Why do you refuse to promote the second option? How does it go against FOSS? To me, it sounds much healthier for the ecosystem and more along the spirit of FOSS. I'm not sure what definition of FOSS make you blame those frustrated with the lack of contribution and trying to promote it.


> What do you call the state that "indie" open source maintainers are in right now? Lack of business mindset? Skill issue?

If I had to call it something, I guess it would be something along the lines of "Not realizing the control they have over their projects".

If you're writing FOSS not to earn money or build a business, and AWS employees approaches you asking for features, you as a maintainer has the power and control to say "Nope", and no one would bat an eye, because that's the contract they implicitly signed by using your software in the first place.

> Which of the following is more FOSS

Neither, as neither are actually related to FOSS at all.

The first is a process you can apply in order to remain sane if there is pressure to implement features you don't care about and don't want to implement.

The second is something you can do on top of FOSS if you want, or not.

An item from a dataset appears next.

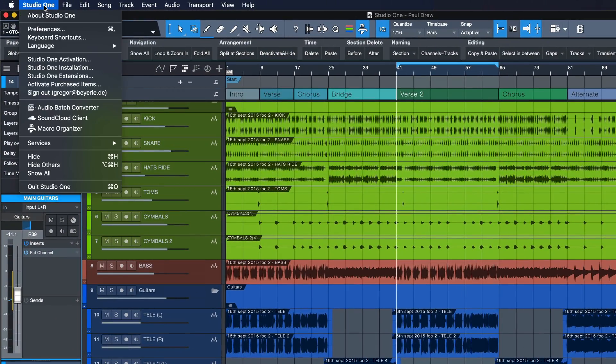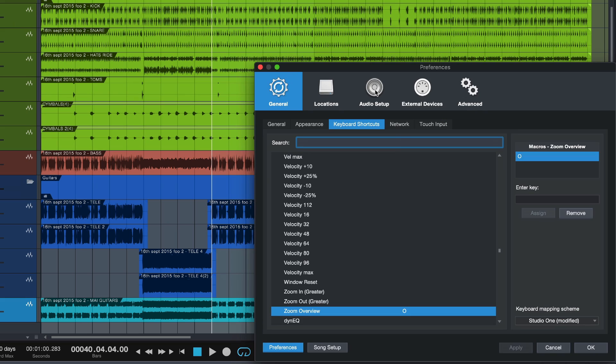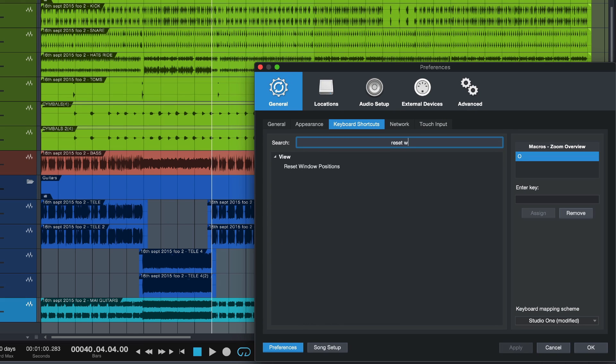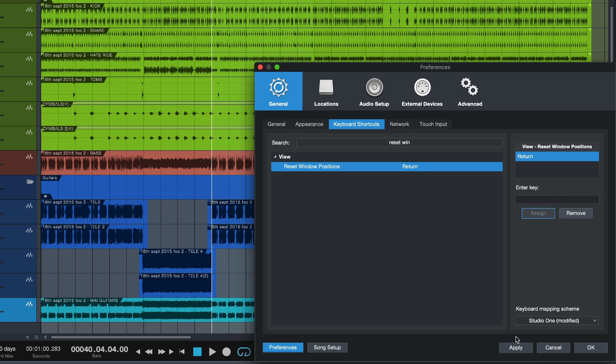Let's go to Studio One keyboard shortcuts and search for 'reset window positions.' I recommend putting that on the Enter or Return key because that's not used by Studio One. Just click Assign, and why is this useful?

Choosing one over the other isn't more/less FOSS.

> Why do you refuse to promote the second one?

I don't refuse that, I promote plenty of communities around FOSS projects, and probably wouldn't had a career in software at all if it wasn't for FOSS, and most of my time daily is spent doing FOSS.

> How does it go against FOSS?

It doesn't go against, but people need to appreciate there is a difference between "Building a community" and "Publishing FOSS". One does not mean the other is required, either way.